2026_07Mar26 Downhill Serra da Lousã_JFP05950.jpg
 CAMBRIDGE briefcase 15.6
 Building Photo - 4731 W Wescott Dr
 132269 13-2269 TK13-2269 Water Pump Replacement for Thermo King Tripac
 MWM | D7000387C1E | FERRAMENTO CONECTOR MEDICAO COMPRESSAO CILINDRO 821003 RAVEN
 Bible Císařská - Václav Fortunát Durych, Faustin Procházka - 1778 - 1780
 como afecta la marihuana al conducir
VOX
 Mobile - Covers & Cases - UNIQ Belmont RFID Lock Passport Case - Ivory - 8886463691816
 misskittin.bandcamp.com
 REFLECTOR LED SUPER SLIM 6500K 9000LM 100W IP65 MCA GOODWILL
☆ ☆ ☆
## What you should do
No line before the one containing "Bible Císařská - Václav" belongs in the answer; give again exactly that line and all lines after it through the end of the data.

## Finished exercise
 Bible Císařská - Václav Fortunát Durych, Faustin Procházka - 1778 - 1780
 como afecta la marihuana al conducir
VOX
 Mobile - Covers & Cases - UNIQ Belmont RFID Lock Passport Case - Ivory - 8886463691816
 misskittin.bandcamp.com
 REFLECTOR LED SUPER SLIM 6500K 9000LM 100W IP65 MCA GOODWILL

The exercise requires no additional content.